* _STORED DATA_:
------
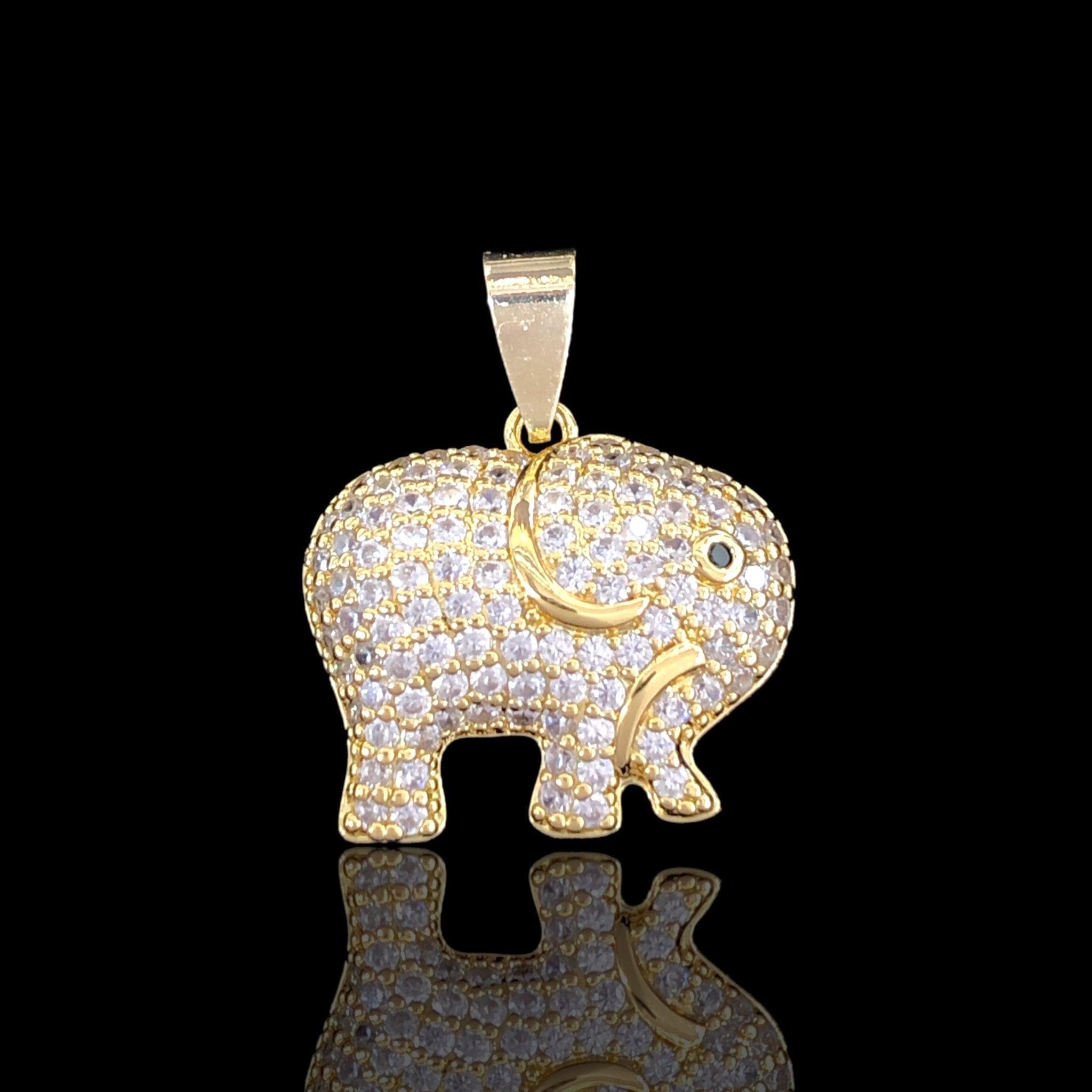 18K Gold Filled Lucky Chubby Elephant Pendant- kuania oro laminado
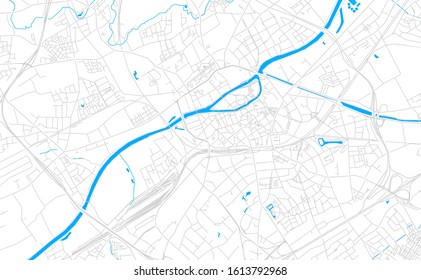 Bright vector map of Kortrijk , Belgium with fine tuning between road and water. Use this map as a background for your company or as a high-quality interior design.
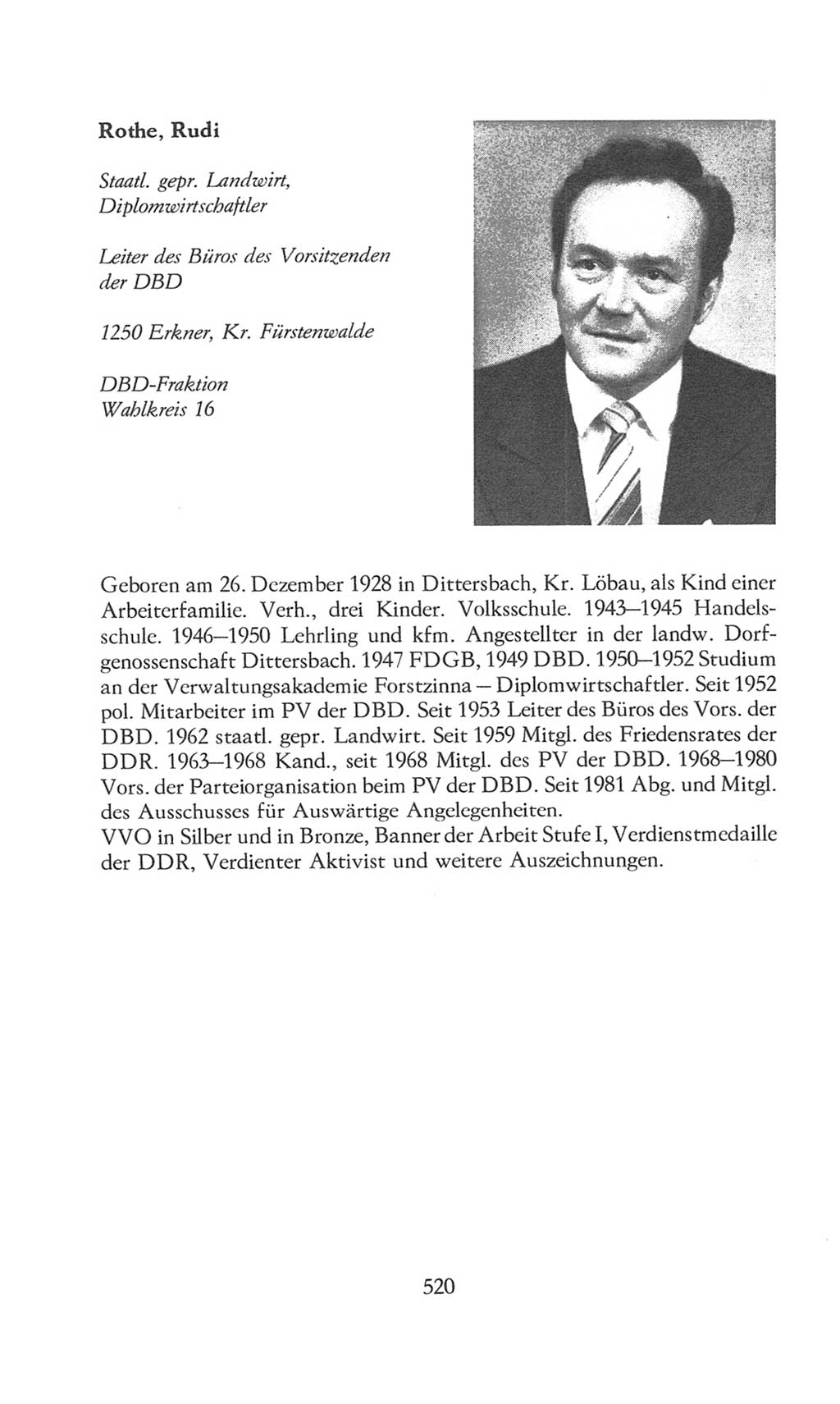 Volkskammer (VK) der Deutschen Demokratischen Republik (DDR), 8. Wahlperiode 1981-1986, Seite 520 (VK. DDR 8. WP. 1981-1986, S. 520)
------
* _WHAT NEEDS TO BE DONE_:
Could you reproduce the listing above exactly and drop every picture?

* _ANSWER SPACE_:
 18K Gold Filled Lucky Chubby Elephant Pendant- kuania oro laminado
 Bright vector map of Kortrijk , Belgium with fine tuning between road and water. Use this map as a background for your company or as a high-quality interior design.
 Volkskammer (VK) der Deutschen Demokratischen Republik (DDR), 8. Wahlperiode 1981-1986, Seite 520 (VK. DDR 8. WP. 1981-1986, S. 520)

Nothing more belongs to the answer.